4) Yaranın İyileşmesi İçin Gerekli Biyolojik Sinyaller
Vücudumuzun herhangi bir yerinde meydana gelen yaralanma, ancak o bölgede oluşan ve bütün vücuttaki hücrelerle net iletişim sağlayan biyolojik sinyallerle gerçekleşebilmektedir. Bu sinyaller meydana gelebilecek komplikasyonların ya da gerekli olan hücre yenilenmelerinin hızlı ve doğru şekilde gerçekleştirilmesini sağlamaktadır. Normal bir doku iyileşmesi süreci gerçekleşmesi için, bu biyolojik sinyallerin dokudaki oluşumu optimal, net ve senkronize gerçekleşmelidir. Biyolojik sinyallerin oluşumunda gerçekleşen herhangi bir kesinti, bozulma ya da aşırı oluşma durumu, hasarlı dokunun iyileşmemesine ya da o bölgede adezyon meydana gelmesine sebep olabilmektedir. Travma sonrası 7.günde bu sinyallerle birlikte proteinlerin yara üzerindeki etkileri gözle görülür niteliğe ulaşır.

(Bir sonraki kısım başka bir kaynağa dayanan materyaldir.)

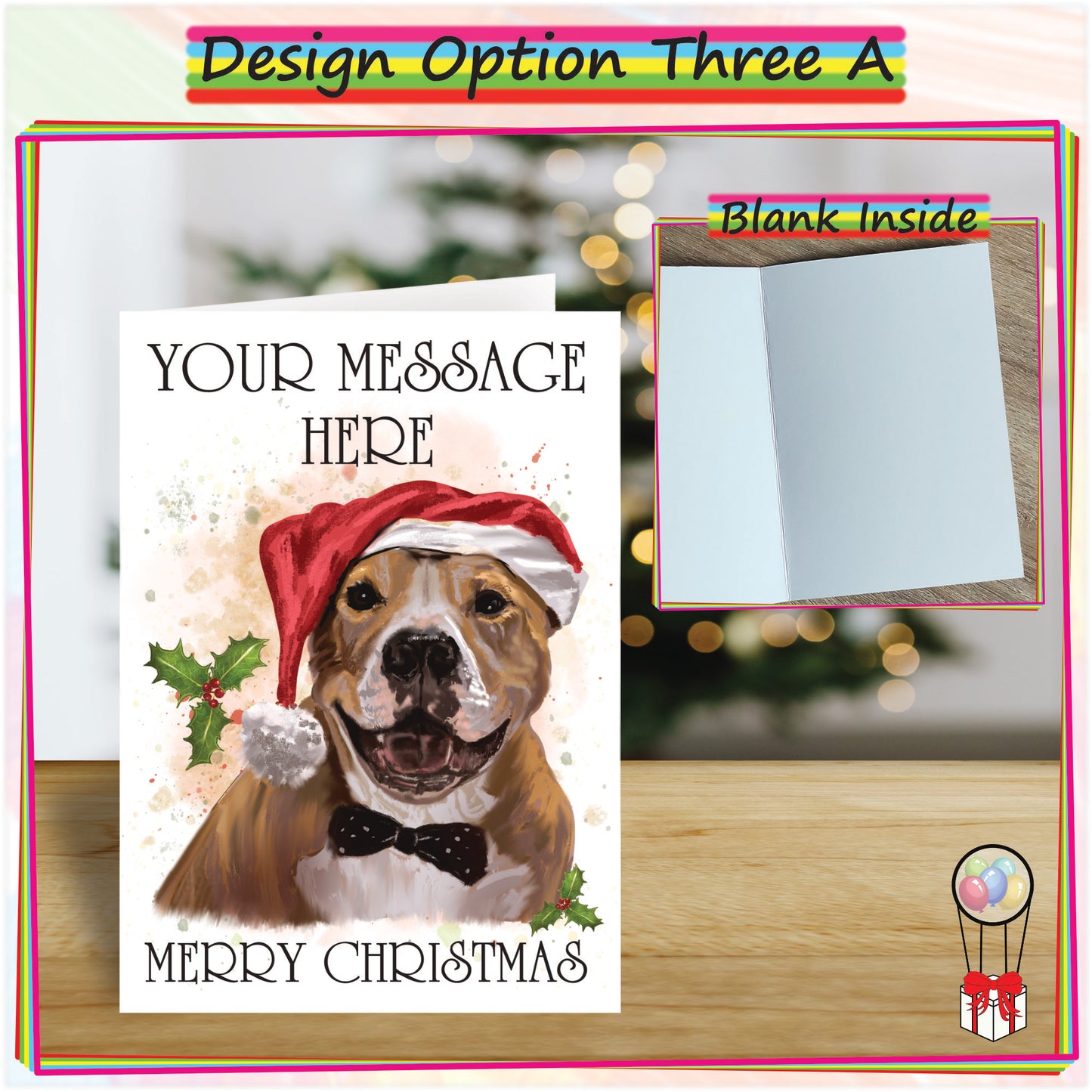 Personalised Staffy Christmas Card - Seasonal Greetings Card for Dog Lovers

5) Yeterli Kan Akımının Oluşması
Histeroskopi sonrası, iyileşme sürecinin en önemli faktörünü yaranın olduğu bölgede gerçekleşmesi gereken kan akımı oluşturmaktadır. İskemi, hücrelerin fonksiyonlarını devam ettirmelerini sağlayacak yeterlilikte meydana gelmeyen kan akımı anlamına gelen durumdur. Yani, hücrelerin kendilerini yenileyebilmeleri ve fonksiyonlarını devam ettirebilmeleri için gerekli yeterlilikte kan akışının gerçekleşmemesi durumu, aslında iyileşme sürecini zora sokacak olan pek çok faktörün ortaya çıkması anlamına gelmektedir. Yeterli kan akışının sağlanamadığı doku, pıhtılaşmayı yıkamamakta hatta komşu dokularda meydana gelen pıhtılaşma yıkımını da azaltmaktadır. Ayrıca yeterli kan akışının oluşmaması durumu adezyon oluşumunu uyaran ilk faktör olarak tanımlanmaktadır. Dolayısıyla iskemi oluşumunun engellenmesi, adezyon oluşumunu da engelleyebilmektedir diyebiliriz.